In 2009, Jahsonic put together a collection of clips and links. And back in 2008, Ambrose Heron spoke with Eichinger (in English) about The Baader Meinhof Complex, a conversation you can still listen to now. For those who read German, Spiegel Online has put together a collection of the pieces on Eichinger it's run over the years.

Update, 2/26: "With Bernd Eichinger we have lost a visionary producer and passionate cineaste. With his high level of creativity and energy he continually pushed the limits of the doable — and so repeatedly taught the film industry pragmatism and brought success. We feel great sorrow at his sudden death," says Berlinale Director Dieter Kosslick.

Update, 1/27: "Eichinger was one of those guys who had an old-school, hands-on approach to producing, especially when it came to some of his pet projects," writes Bilge Ebiri. "With a filmography that includes Hans-Jurgen Syberberg's Hitler: A Film from Germany, Wim Wenders's Wrong Move, The Neverending Story, and the Resident Evil films, among many other lesser-known titles, his credits are a curious mix of acclaimed prestige epics, sleazy action franchises, and lots and lots of Europudding — a career of De Laurentiisian contrasts. He had started, interestingly enough, by trying to organize funding for works made by his film school classmates Wenders, Edgar Reitz, and Alexander Kluge. There’s a very nice Der Spiegel obituary here. Also, an interesting 2005 profile of him here."

Updates, 1/28: "Many critics, especially inside Germany, felt that any attempt to humanize Hitler was ill advised," writes Bruce Weber of Downfall in the New York Times. "'The lack of narrative position alone,' the filmmaker Wim Wenders wrote, escorts the audience 'into a black hole in which they are led, almost unnoticeably, toward looking at this time through the eyes of the perpetrators, and generates a kind of benevolent understanding of them.' … Mr Eichinger rejected such criticism… 'There is no such thing as telling the truth and not taking everything into consideration,' he said. 'Otherwise you are a Stalinist with one view of things. You burn what doesn't fit your position or put it into the archives because you want to show only bad and good. When I wrote this script, for me the important thing was to show the gray.'"

The Guardian's Andrew Pulver comments on a selection of clips.

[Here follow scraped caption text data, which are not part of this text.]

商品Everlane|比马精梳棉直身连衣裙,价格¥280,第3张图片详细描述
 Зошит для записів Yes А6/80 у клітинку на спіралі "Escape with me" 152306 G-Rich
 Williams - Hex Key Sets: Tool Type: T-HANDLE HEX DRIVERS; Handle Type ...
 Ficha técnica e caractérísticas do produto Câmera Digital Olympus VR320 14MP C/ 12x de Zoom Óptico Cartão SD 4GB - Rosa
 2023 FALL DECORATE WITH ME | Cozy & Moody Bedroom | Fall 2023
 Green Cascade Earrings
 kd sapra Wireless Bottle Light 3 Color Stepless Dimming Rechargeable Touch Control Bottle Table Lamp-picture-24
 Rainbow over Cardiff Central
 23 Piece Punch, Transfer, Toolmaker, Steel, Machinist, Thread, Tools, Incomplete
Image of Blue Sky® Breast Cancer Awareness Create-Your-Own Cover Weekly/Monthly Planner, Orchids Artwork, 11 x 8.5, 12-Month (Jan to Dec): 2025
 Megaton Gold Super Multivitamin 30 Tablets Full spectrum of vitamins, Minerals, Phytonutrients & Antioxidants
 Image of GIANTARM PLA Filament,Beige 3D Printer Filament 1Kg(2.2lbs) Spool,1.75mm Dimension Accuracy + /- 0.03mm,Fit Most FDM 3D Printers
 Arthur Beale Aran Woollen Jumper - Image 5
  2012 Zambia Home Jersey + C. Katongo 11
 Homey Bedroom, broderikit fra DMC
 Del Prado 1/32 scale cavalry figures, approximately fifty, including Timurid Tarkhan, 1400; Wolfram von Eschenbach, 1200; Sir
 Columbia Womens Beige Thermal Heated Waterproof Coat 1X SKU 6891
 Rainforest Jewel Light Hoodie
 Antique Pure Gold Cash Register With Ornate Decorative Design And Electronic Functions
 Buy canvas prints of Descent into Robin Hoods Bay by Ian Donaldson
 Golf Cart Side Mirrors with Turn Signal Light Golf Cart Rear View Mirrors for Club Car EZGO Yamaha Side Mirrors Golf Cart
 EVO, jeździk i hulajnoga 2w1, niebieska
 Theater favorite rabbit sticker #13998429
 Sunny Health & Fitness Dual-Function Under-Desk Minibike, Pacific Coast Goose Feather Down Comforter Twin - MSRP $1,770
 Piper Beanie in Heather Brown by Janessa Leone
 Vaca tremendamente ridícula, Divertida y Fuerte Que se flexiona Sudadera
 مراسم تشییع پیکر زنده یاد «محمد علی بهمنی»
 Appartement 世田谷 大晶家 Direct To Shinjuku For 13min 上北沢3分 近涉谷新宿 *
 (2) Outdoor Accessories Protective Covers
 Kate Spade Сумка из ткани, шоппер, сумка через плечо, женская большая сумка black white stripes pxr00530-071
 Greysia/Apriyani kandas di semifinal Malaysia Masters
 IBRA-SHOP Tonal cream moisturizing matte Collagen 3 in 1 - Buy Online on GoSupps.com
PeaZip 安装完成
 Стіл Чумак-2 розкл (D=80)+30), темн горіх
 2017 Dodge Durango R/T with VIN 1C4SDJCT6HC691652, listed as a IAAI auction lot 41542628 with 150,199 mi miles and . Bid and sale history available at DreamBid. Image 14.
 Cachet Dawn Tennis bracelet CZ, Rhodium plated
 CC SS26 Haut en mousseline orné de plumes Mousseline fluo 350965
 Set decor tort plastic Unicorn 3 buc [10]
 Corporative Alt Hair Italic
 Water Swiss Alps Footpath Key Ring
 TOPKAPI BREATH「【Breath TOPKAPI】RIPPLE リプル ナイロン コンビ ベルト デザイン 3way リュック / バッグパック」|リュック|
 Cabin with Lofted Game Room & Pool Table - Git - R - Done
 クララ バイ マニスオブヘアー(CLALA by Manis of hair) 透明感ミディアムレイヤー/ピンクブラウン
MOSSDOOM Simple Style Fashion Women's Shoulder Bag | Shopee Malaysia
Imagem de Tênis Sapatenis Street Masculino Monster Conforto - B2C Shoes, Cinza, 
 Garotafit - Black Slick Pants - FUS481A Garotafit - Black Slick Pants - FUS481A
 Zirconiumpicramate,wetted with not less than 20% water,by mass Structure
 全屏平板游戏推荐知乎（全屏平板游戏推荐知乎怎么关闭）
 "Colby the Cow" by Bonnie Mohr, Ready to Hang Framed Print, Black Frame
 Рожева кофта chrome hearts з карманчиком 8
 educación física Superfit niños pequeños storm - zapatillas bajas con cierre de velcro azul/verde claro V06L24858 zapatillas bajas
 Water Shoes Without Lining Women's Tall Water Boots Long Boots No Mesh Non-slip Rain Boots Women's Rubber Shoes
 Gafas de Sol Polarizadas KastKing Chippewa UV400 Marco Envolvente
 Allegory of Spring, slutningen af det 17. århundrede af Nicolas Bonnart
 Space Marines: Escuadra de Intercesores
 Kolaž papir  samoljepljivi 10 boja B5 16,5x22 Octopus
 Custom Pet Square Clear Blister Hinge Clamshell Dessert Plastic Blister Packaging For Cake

Update, 1/31: "Eichinger dreamed of re-establishing the glory days of German cinema of the 1920s, when the world-renowned film company Ufa was both a commercial and artistic success," writes Ronald Bergan in the Guardian. "He believed that art without financial success, which attracted small audiences, was a wasted effort, despite critical acclaim. He realized his dream by becoming Germany's only true movie mogul, one of the few to achieve success both at home and abroad by breaking into Hollywood."